*** Data shown Section Begins ***

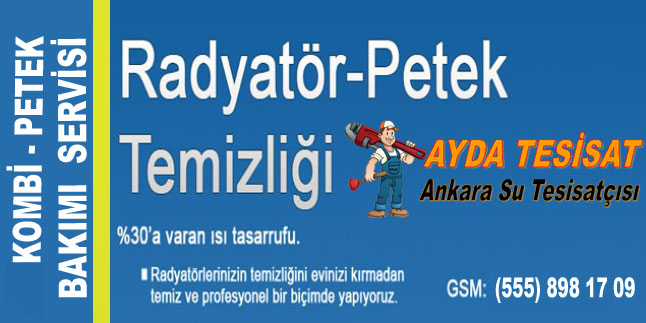 Doğalgaz petek bakımı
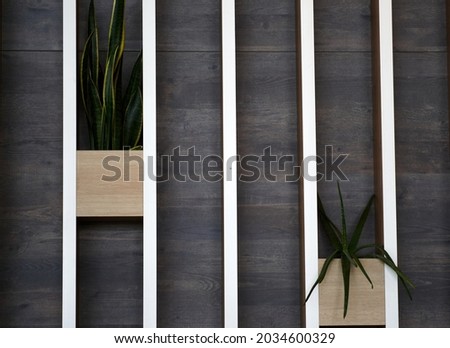 Decorative wooden wall with flower pots. Background. High quality photo Royalty-Free Stock Photo #2034600329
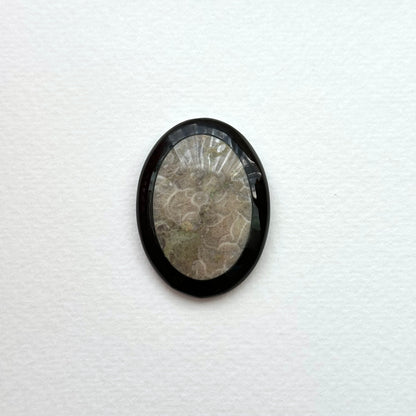 TS24 [Coral Fossil Transformation Stone] Petoskey Stone Oval Block Office or Home Healing Device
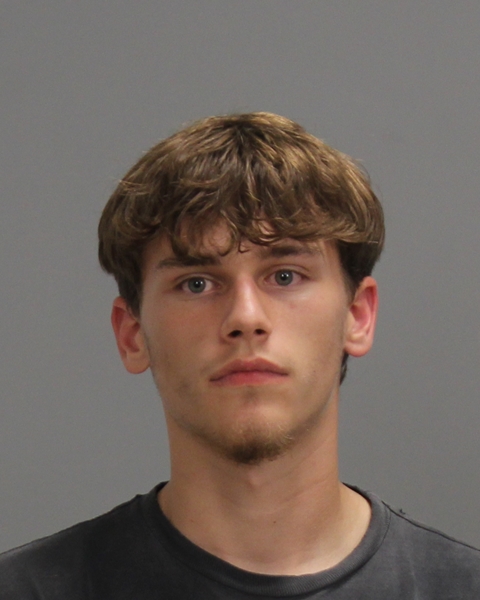 BREWER, NICHOLAS RYAN booking photo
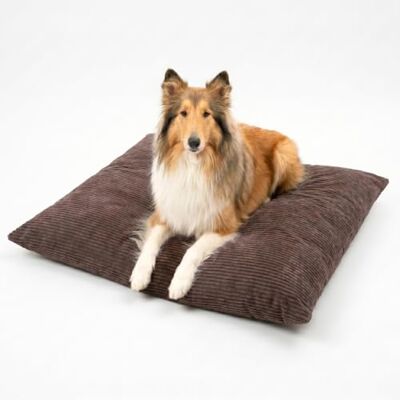 4L Textil Molly Coussin moelleux pour chien en velours côtelé pour grands chiens avec housse et fermeture éclair, coussin douillet lavable (120 x 100 cm, marron) - Publicité 4L Textil Molly Coussin moelleux pour chien en velours côtelé pour grands chiens avec housse et fermeture éclair, coussin douillet lavable (120 x 100 cm, marron) - Publicité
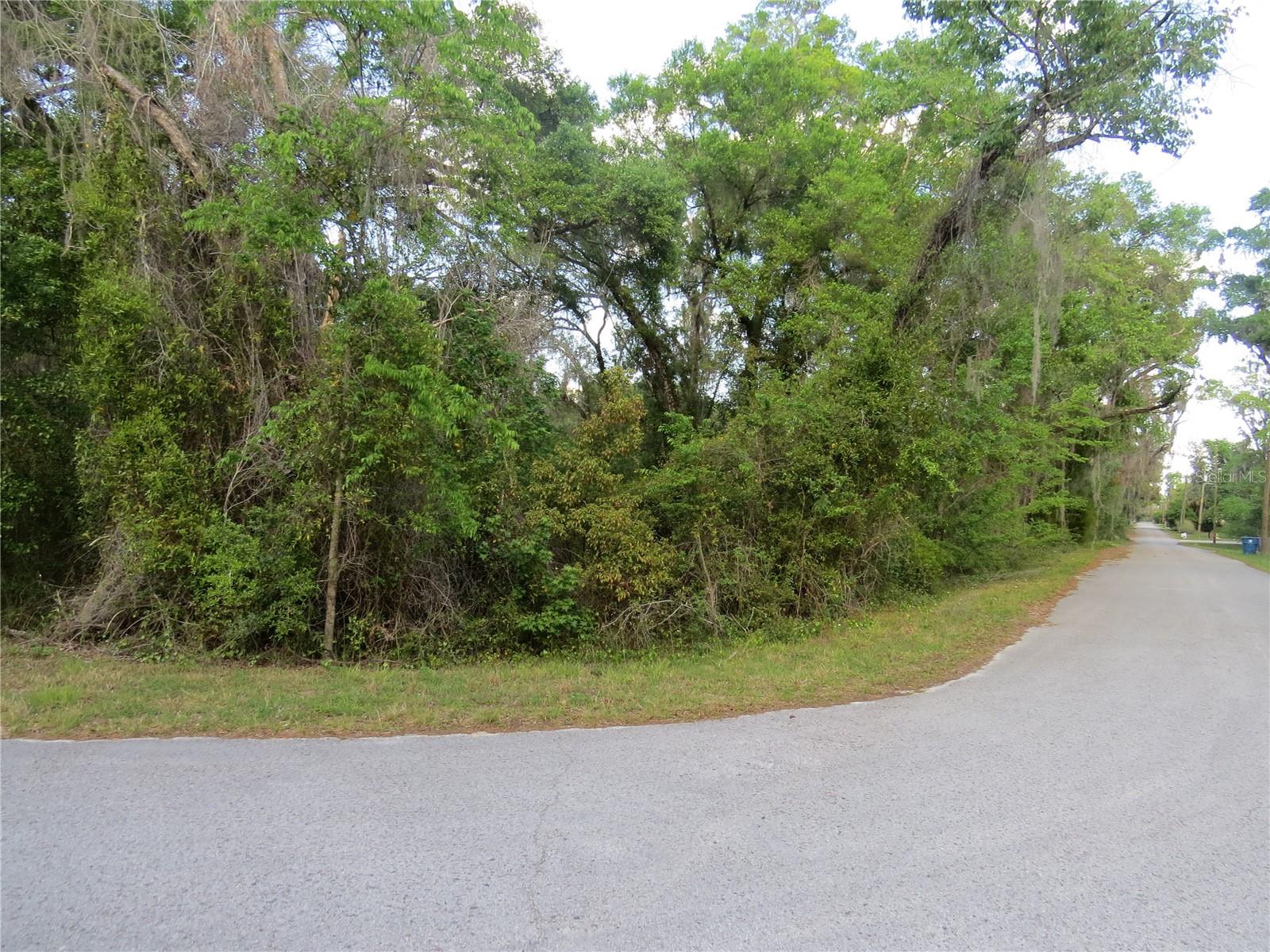 28380 FORBES ST, NOBLETON, FL, 34661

*** Data shown Section Ends ***

Activity: The line containing "TS24 [Coral Fossil" marks the start: set down exactly that line and every line after it through the last line of the data, without any pictures.

Task output:
 TS24 [Coral Fossil Transformation Stone] Petoskey Stone Oval Block Office or Home Healing Device
 BREWER, NICHOLAS RYAN booking photo
 4L Textil Molly Coussin moelleux pour chien en velours côtelé pour grands chiens avec housse et fermeture éclair, coussin douillet lavable (120 x 100 cm, marron) - Publicité 4L Textil Molly Coussin moelleux pour chien en velours côtelé pour grands chiens avec housse et fermeture éclair, coussin douillet lavable (120 x 100 cm, marron) - Publicité
 28380 FORBES ST, NOBLETON, FL, 34661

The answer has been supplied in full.